(Records excerpted from a collection)

********************

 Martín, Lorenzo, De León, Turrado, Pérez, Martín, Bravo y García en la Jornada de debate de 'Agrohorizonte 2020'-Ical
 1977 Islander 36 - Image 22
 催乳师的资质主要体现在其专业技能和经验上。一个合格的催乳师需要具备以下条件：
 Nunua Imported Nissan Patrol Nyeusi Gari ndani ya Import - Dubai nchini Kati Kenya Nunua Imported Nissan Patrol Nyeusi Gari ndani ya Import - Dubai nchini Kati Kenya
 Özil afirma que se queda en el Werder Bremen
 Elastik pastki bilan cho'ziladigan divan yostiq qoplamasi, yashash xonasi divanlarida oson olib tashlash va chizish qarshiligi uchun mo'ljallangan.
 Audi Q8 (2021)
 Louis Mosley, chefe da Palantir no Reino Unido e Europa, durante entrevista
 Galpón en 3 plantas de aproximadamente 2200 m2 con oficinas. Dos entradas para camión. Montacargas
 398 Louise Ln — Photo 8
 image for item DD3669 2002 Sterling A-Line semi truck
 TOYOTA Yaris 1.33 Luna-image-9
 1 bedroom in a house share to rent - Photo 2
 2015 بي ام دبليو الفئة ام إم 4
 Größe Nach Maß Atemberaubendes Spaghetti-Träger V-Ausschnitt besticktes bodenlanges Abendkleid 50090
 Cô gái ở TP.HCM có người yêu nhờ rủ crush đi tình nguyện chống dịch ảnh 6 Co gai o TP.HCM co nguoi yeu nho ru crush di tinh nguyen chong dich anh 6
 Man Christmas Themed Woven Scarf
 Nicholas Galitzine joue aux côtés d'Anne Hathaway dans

********************

— Instructions to follow —
The answer should be all lines from the entries above that hold the word "Photo".

— Solution to this problem —
 398 Louise Ln — Photo 8
 1 bedroom in a house share to rent - Photo 2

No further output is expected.